Consider a system of "particles", of generalized coordinates $q^i(t)$ in some reference frame. The action of the system is defined as the following integral : \begin{equation}\tag{1} S = \int_{t_1}^{t_2} L(q^i, \dot{q}^i) \, dt. \end{equation} The hamiltonian of the system is defined as this (summation is implied on the repeated indices) : \begin{equation}\tag{2} H = \dot{q}^i \, \frac{\partial L}{\partial \dot{q}^i} - L. \end{equation} Now consider a change of parametrization in integral (1) ; $dt = \theta \, ds$, where $s$ is a new integration variable and $\theta(s)$ is an arbitrary function that could be considered as a new dynamical variable (there's something missing in my interpretation, and I need to find what is "wrong" here). The action is now this (the prime is the derivative with respect to $s$. Notice the change of limits, on this integral) : \begin{equation}\tag{3} S = \int_{s_1}^{s_2} L(q^i, \frac{q^{i \, \prime}}{\theta}) \; \theta \; ds. \end{equation} So the new lagrangian is \begin{equation}\tag{4} \tilde{L} = L(q^i, \frac{q^{i \, \prime}}{\theta}) \; \theta. \end{equation} Now, if $\theta$ is considered as a dynamical variable, we can apply the Euler-Lagrange to this new lagrangian: \begin{equation}\tag{5} \frac{d}{d s} \Big( \frac{\partial \tilde{L}}{\partial \, \theta^{\, \prime}} \Big) - \frac{\partial \tilde{L}}{\partial \, \theta} = 0. \end{equation} Since there is no $\theta^{\, \prime}$ in $\tilde{L}$, the first part is 0. After some simple algebra, the second part implies that the hamiltonian (2) should be 0 ! \begin{equation}\tag{6} H \equiv 0. \end{equation}

So my questions are these:

  1. Is there something wrong in the previous reasoning? Or what implicit assumptions am I missing? Where is relativity in this?

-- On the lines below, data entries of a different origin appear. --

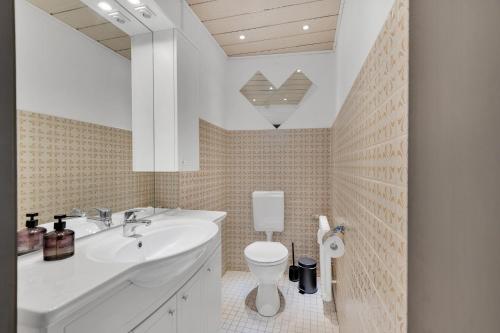 a bathroom with a white sink and a toilet at STANMA Hirschtraum für 7 Personen mit 3 Schlafzimmern in Braunlage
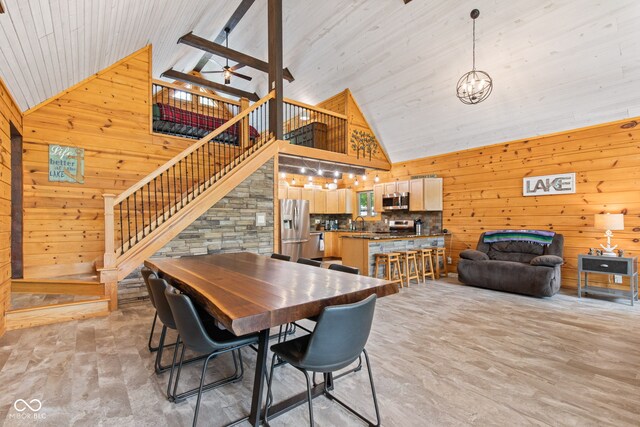 2540 S Annapolis Rd, Rockville, IN 47872 - dining room featuring high vaulted ceiling, wooden walls, stairs, ceiling fan, and a chandelier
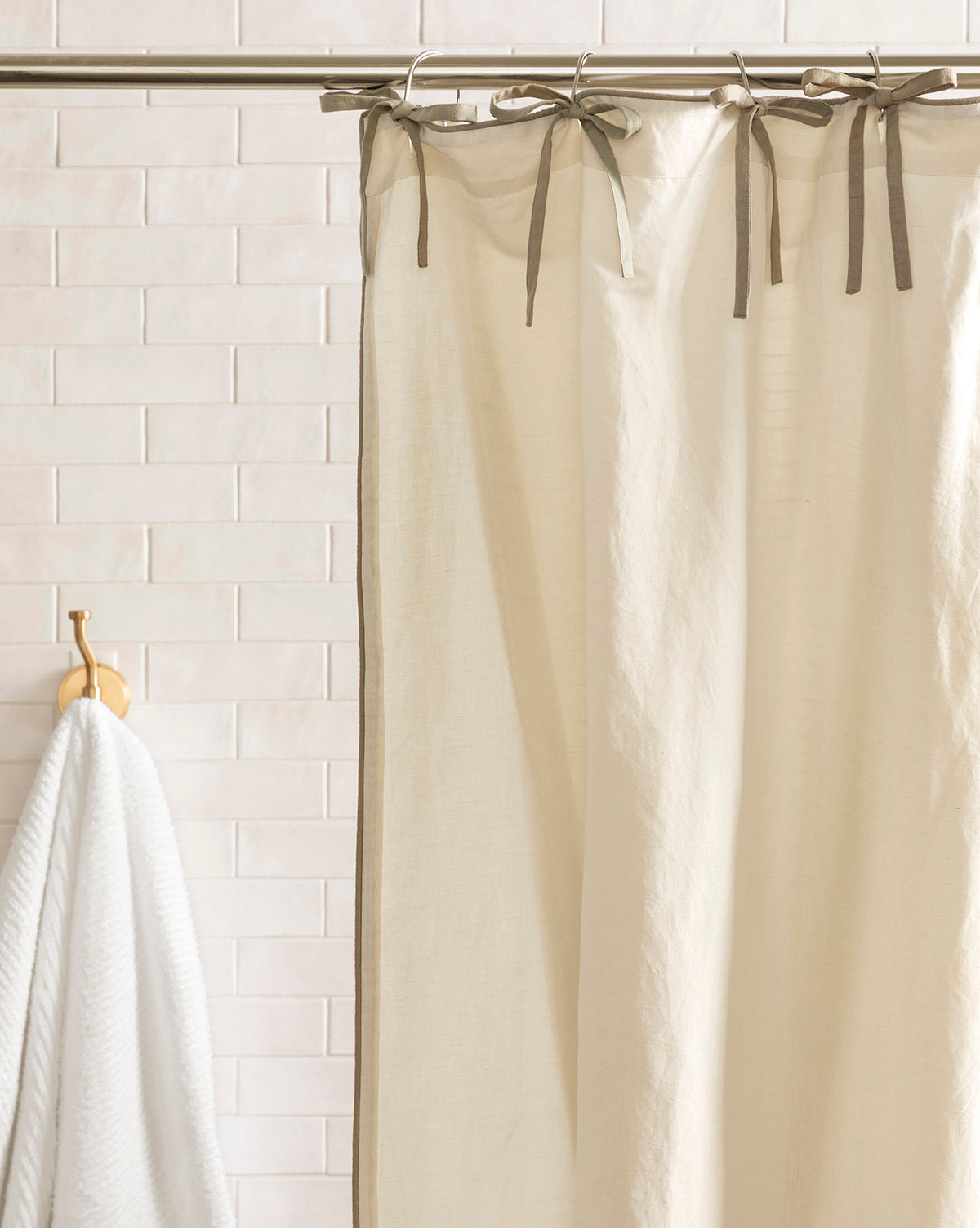 A cream-colored Lillian Linen Shower Curtain with ribbon ties hangs from a silver rod in front of white subway tile, while a white towel rests on a wooden hook nearby.
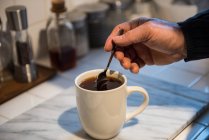Homem preparando um café preto na cozinha em casa — Fotografia de Stock
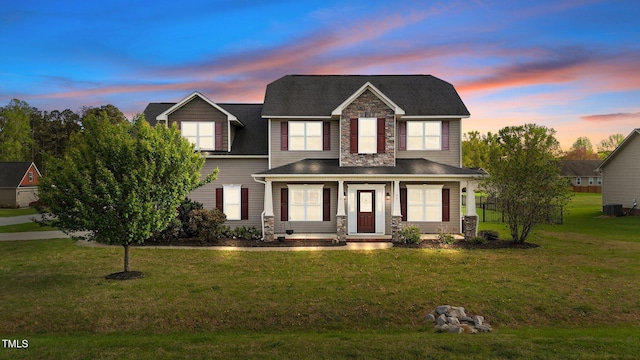 traditional-style house with a front yard, a porch, stone siding, and central AC unit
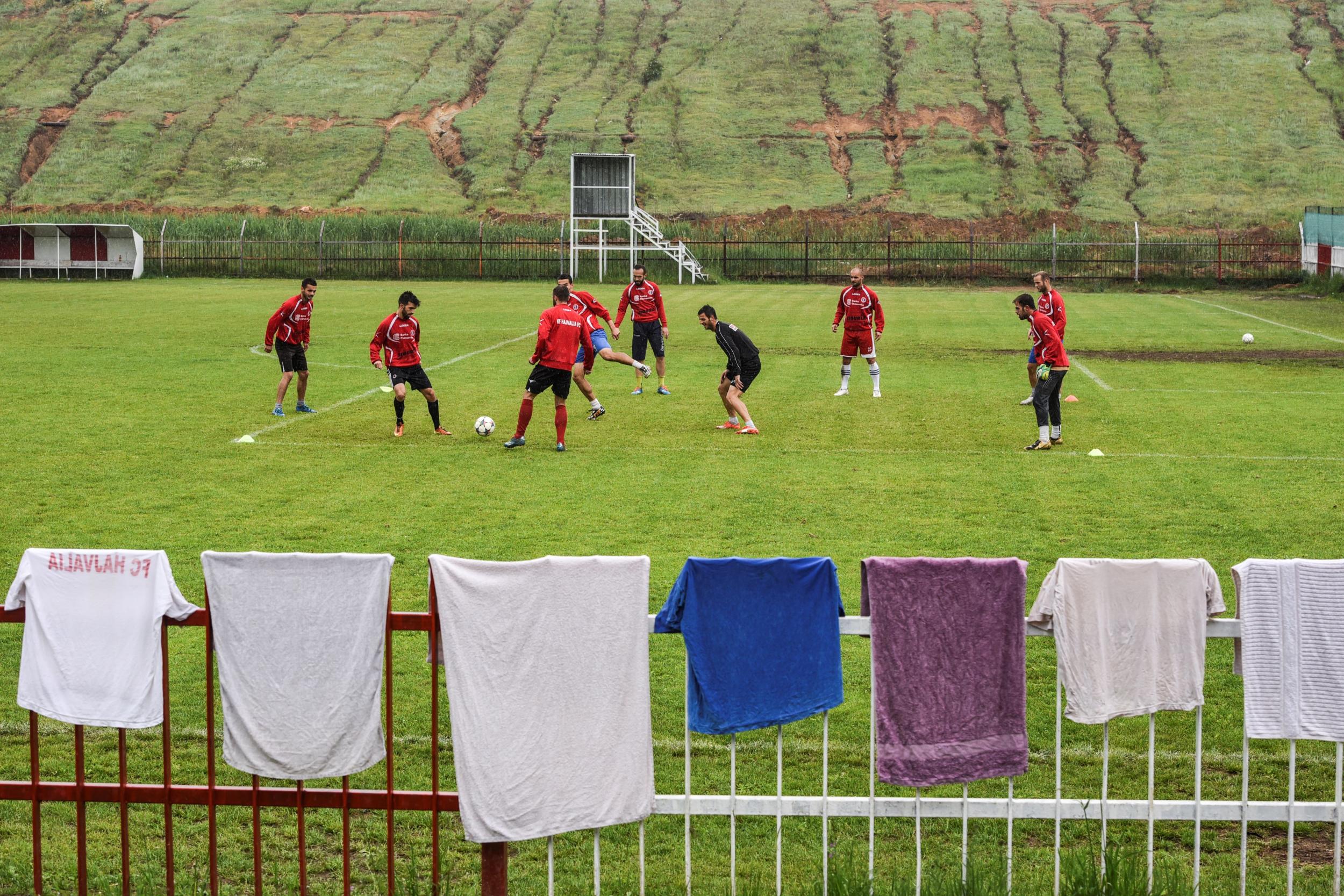 FC Hajvalia warm up during a training session near Kishnica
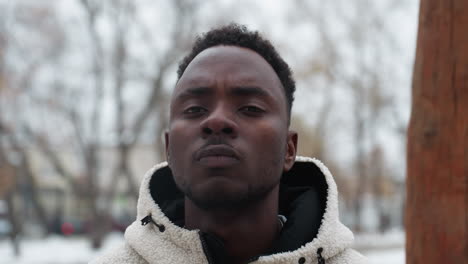 confident young man with bold expression wearing winter jacket, standing outdoors with blurred background featuring trees and unclear urban structures, exuding determination in cold weather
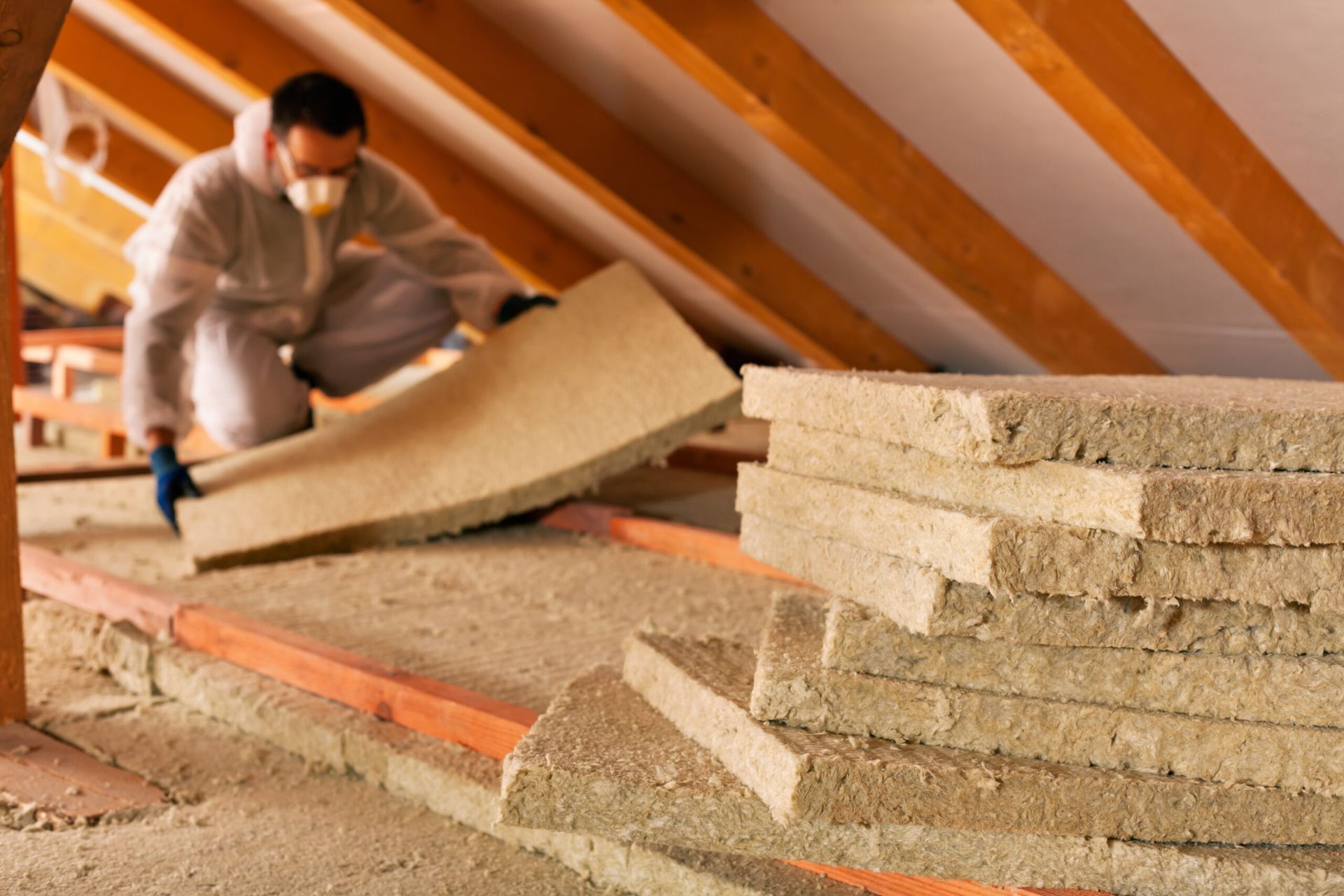 Person installing insulation in an attic. Beige insulation, wooden beams, worker in protective gear.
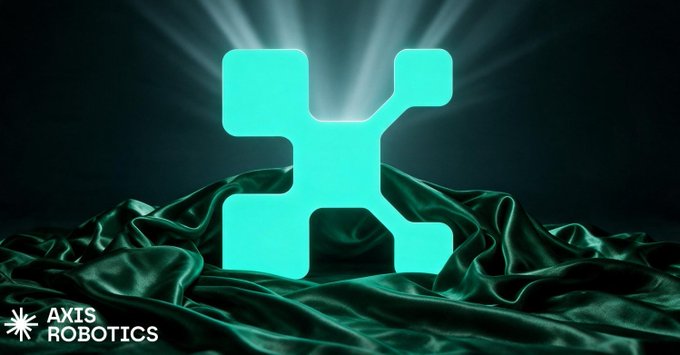 The image features a glowing turquoise robotic/tech-themed logo centered against a dark background with green satin fabric draping below it, accompanied by the "AXIS ROBOTICS" branding in the bottom-left corner—visually representing the Axis Robotics browser-based platform mentioned in the post, where users can control simulated robots for real-world AI training data.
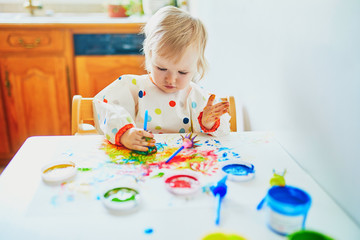Adorable little girl painting with fingers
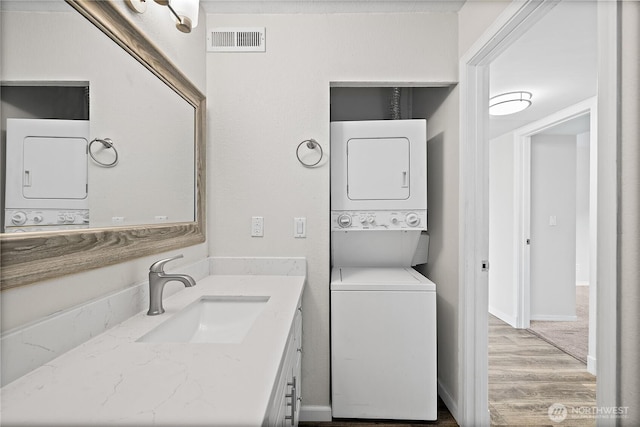 laundry area with visible vents, a sink, wood finished floors, stacked washer / dryer, and baseboards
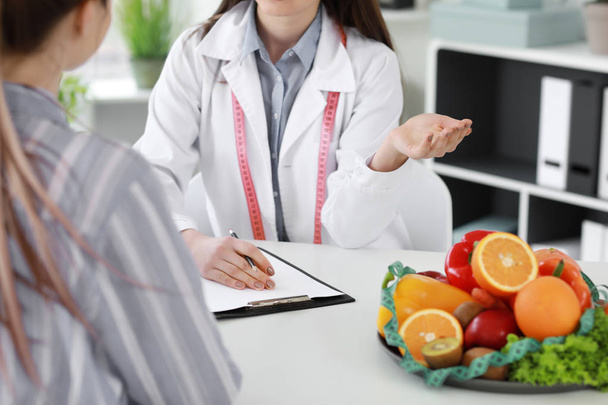 Young woman visiting nutritionist in weight loss clinic - Zdjęcie, obraz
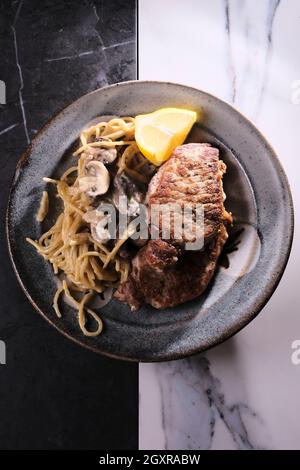 Gebratene Schweinekoteletts mit Honig-Senf-Pilzsoße und Pasta Stockfoto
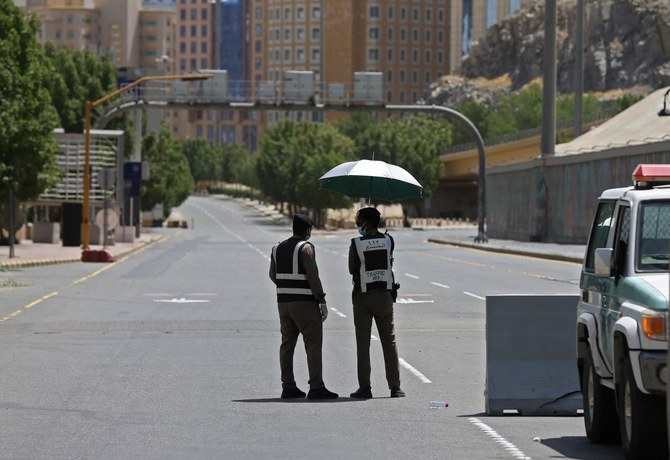 Police officers man a checkpoint in a street in Saudi Arabia's holy city of Makkah on April 3, 2020. (AFP)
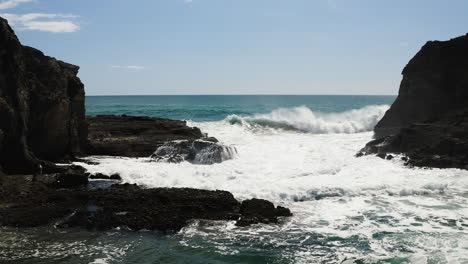 Looking-towards-the-sea-from-sandy-beach-as-foamy-water-rushes-into-narrow-cove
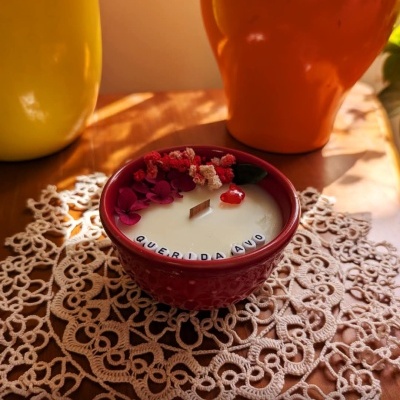Vela branca decorativa numa taça vermelha com flores secas e texto QUERIDA AVÓ sobre renda e vasos coloridos ao fundo.
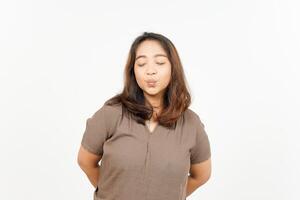 A woman making a funny face while standing photo
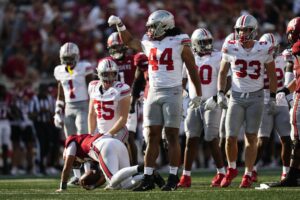 Ohio State Buckeyes defensive end JT Tuimoloau (44) celebrates a tackle of Indiana Hoosiers quarterback Tayven Jackson (2) during the NCAA football game at Indiana University Memorial Stadium. Ohio State won 23-3.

  2. If the reasoning is valid, why can't we apply the result to any classical lagrangian, which would give non-sense?

Of course, I know that the hamiltonian of free relativistic particles isn't 0! But I also know that $H = 0$ is a well known property of systems which have an action with parametrization independence. I'm missing some parts related to this constraint and I don't see what yet. I need help to disentangle this subject.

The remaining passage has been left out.